Q & A with Arda Koyuncu
3D Concept Art presents an Q & A with a very talented artist, focusing in character and creature creation, Arda Koyuncu. He has been around for about seven (7) years working in production of feature films, cinematics and games. For companies like Ghost Jack Entertainment, Elastic Creative & Digitrove Inc and Blur Studio. His work have been seen in Thor: Dark World, Assassin’s Creed: Unity, Tom Clancy’s the Division and many more..
He uses frequently his talent to make concepts, both realistic human and creatures and also teaches valuable know how. His work has been published in different international publications like 3d world, Exposé 10, 3d artist and 3dcreative.
| 3D Concept Art: Tell us about you and how did you become interested in 3d modeling and to work in the games industry?
| Arda Koyuncu : → I am Arda Koyuncu, I am a senior character artist currently working in Blur Studio as a Lead Character Artist. I was always interested into cartoons, movies and video games. Years ago I thought the best way to get into the industry was through studying engineering so I studied computer engineering in college. Before I decided to pursue a career in art and come to USA I was working in a video game studio in Turkey.
I was responsible of programming sounds and scripts. I was constantly amazed by the things 3D artists were working on but I never thought it was the right path for me until I left the studio and started working somewhere else where eventually I was going to end up using AutoCAD. It was the first step into my career in art..
| 3CA: You have been involved in several very interesting projects. One of those, Kevin Margo’s Construct. Where you used kitbash technique, you stated that you used parts from the Military Robot, Bill to make the “Wife”. What you feel are the most problematic parts when working with Kitbash and what do you think we should be aware of when using this technique?
| A.K: → To be honest, this was my first time doing something like this. I generally like to create everything from scratch myself so I know the character technically and artistically to the smallest detail.
Like anything else, if you want to deliver a clean asset, it takes a lot of attention so it was not as simple as taking a few pieces and placing them on your model. I think if you can pinpoint the parts you would kitbash earlier it would be helpful to plan the whole process.
| 3CA: Where do you get inspiration from and who are your role models?
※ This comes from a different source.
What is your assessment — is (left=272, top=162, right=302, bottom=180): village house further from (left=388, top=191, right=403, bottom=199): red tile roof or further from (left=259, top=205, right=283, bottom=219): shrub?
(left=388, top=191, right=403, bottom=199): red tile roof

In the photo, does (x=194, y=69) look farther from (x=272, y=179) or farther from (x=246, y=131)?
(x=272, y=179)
| A.K: → There is so many people I find inspiring that would be a very long list if I start listing names. In my spare time I read and research, browse artwork and enjoy nature, these are probably the biggest inspirations for me.
| 3CA: Working with a headscans is becoming more interesting for the industry as the technique is evolving. Of your experience, do you think it will become a tool that will take some of the job from character artists, some of the workload when trying to achieve realistic models? Also change the main task for character artists?
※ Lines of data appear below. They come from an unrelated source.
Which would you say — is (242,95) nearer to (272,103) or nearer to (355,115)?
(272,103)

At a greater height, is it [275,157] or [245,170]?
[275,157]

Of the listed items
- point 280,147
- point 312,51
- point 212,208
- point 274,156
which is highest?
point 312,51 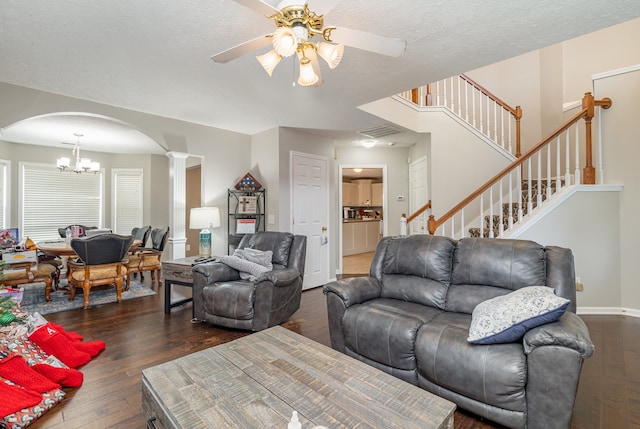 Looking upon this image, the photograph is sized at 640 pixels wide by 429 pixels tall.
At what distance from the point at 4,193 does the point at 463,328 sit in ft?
25.6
| A.K: → You get more artistic satisfaction from creating a full character in my personal opinion but I think head scans are only going to get better and more accessible.
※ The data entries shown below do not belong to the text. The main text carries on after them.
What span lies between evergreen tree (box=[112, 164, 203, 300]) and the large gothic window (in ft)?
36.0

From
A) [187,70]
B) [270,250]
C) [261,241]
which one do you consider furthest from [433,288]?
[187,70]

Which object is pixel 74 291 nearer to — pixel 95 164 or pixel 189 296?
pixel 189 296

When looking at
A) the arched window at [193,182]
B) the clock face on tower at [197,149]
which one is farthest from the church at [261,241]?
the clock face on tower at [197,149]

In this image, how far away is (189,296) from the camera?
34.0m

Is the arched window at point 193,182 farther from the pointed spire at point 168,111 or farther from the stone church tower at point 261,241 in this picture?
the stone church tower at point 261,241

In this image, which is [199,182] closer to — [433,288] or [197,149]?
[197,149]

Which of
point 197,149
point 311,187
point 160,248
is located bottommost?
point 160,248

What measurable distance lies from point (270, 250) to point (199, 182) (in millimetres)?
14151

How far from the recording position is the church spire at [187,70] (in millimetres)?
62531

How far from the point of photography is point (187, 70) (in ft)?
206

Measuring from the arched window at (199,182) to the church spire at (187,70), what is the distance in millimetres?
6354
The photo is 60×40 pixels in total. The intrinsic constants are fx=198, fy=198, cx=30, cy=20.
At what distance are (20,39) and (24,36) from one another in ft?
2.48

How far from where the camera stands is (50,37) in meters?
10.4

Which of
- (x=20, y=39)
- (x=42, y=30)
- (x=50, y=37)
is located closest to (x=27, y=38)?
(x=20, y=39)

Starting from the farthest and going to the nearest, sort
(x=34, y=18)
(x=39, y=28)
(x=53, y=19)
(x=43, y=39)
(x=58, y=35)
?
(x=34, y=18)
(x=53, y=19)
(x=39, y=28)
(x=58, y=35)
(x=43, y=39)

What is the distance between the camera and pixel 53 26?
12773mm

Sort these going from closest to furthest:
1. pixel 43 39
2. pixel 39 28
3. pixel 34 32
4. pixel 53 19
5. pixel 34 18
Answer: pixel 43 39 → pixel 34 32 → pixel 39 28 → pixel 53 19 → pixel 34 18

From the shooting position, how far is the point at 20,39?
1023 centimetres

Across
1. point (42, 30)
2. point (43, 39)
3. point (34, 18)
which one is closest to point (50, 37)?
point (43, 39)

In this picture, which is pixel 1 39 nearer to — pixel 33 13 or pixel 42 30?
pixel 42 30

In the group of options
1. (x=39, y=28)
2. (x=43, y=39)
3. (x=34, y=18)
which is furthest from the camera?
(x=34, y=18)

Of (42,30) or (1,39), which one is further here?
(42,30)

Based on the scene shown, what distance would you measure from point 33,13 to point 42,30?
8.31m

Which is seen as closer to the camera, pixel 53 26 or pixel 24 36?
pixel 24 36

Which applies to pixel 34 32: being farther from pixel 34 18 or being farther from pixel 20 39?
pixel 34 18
Having a headscan does not mean it is done, it has different type of challenges of its own depending on what your end goal is.
| 3CA: Any good advices for artists and students who want to get into the business as a 3D Artist in fields like character and creature design and modeling, and going for a career in the game industry?
| A.K: → Since the tools are making the character creation process easier everyday people are investing less into improving themselves as artists. I think it is much more important to improve yourself as an artist than learning a new tool.
Sure, having the technical knowledge is important but when you have the eye that tells you you are doing something wrong, you can channel that technical knowledge more properly and end up creating better looking characters.